# Shoot Thru Hull xducer issue.....



## SPOONFEEDER (Jul 6, 2006)

Got a friend of mine Bought a 1993 28' Baha Cruiser last fall. He has a Raymarine A60 with DSM25 on it and a Aiirmar P79 shoot thru hull transducer. It will not look on to bottom. I was wondering if the Baha Cruiser's hull has a wood core in it. There is also a old Lowrance 350 onboard that will lock on sometimes but not all. All transducers are in the bilge area midship. If i place P79 overboard into water locks on good. I am thinking there is something in the hull blocking the signal.

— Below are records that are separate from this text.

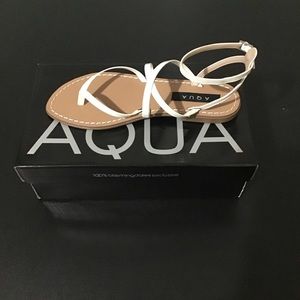 Aqua shoes for women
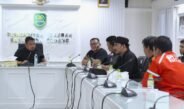 Bupati Subang Terima Audensi Paguyuban Transportasi Online Subang : Selain BPJS Gratis, Bakal Ada Rumah Singgah untuk Pengemudi Ojol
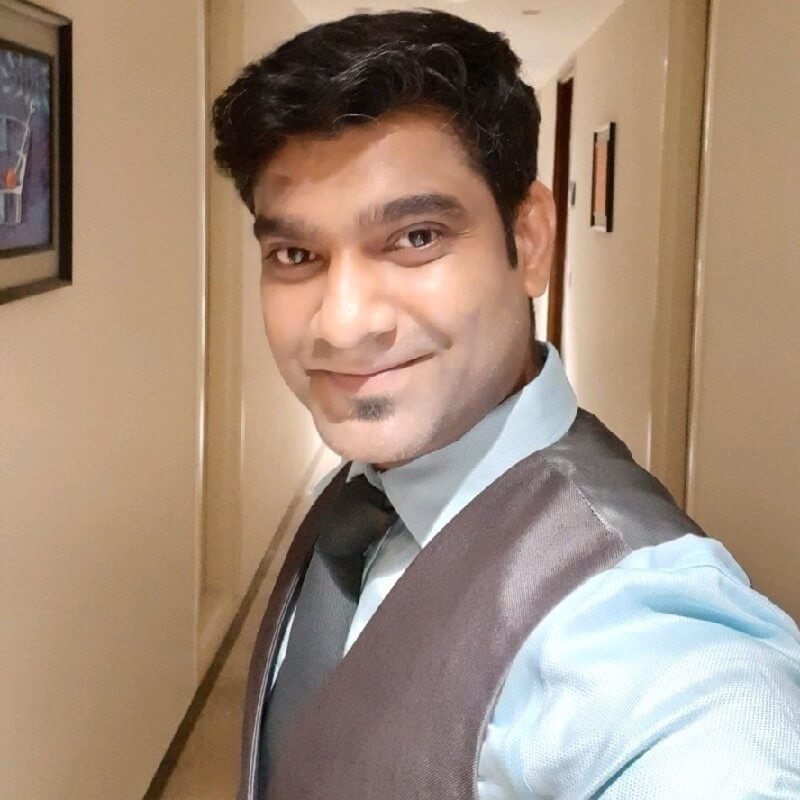 Prakhar Kushwaha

Also, can you mount a transome mount ducer if you have twin inboard motors, and still work ok?

Thanks
Larry


----------



## Nauti cat (Nov 30, 2009)

don't think there is wood only in transom and stringers. Ihad twin i/o on my baha cruisers had no problem with transom mount. Where you mount the b79 is there a cavity for liquid same idea as using a ice transducer where you put liquid in a container then put the transducer in it, it will shoot thru ice?


----------



## SPOONFEEDER (Jul 6, 2006)

Thanks. The p79 is mounted properly and has antifreeze in it as it calls for. Not sure why its not working properly. Probably will mount transom ducer on it. 

Sent via my Droid Bionic


----------



## Nauti cat (Nov 30, 2009)

you might check ebay they have ashoot thru for raymarine compatible with dsm250 $135 I bought a thru hull for my standard horizion works great, just a thought


----------